* **Exercise**: Beneath this line sits some data. Return only its lines from the one holding "Blau Gebraucht 2014" through the one holding "1730 pm after", inclusive, exactly, with the images removed.

* **Information shown**:
━━━
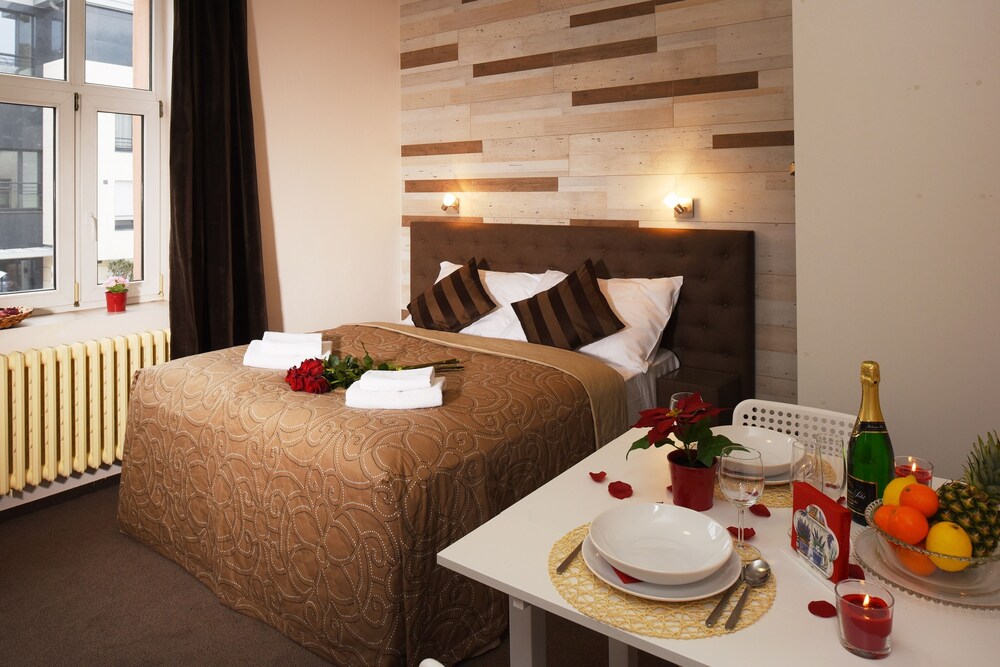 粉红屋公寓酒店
━━━
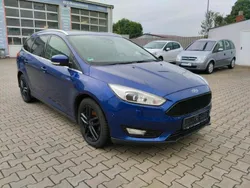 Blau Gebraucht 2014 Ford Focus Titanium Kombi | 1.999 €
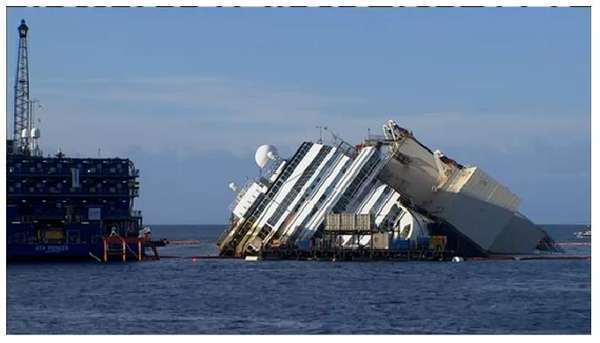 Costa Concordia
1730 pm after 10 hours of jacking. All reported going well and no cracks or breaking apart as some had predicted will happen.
━━━
* **Exercise solution**:
 Blau Gebraucht 2014 Ford Focus Titanium Kombi | 1.999 €
 Costa Concordia
1730 pm after 10 hours of jacking. All reported going well and no cracks or breaking apart as some had predicted will happen.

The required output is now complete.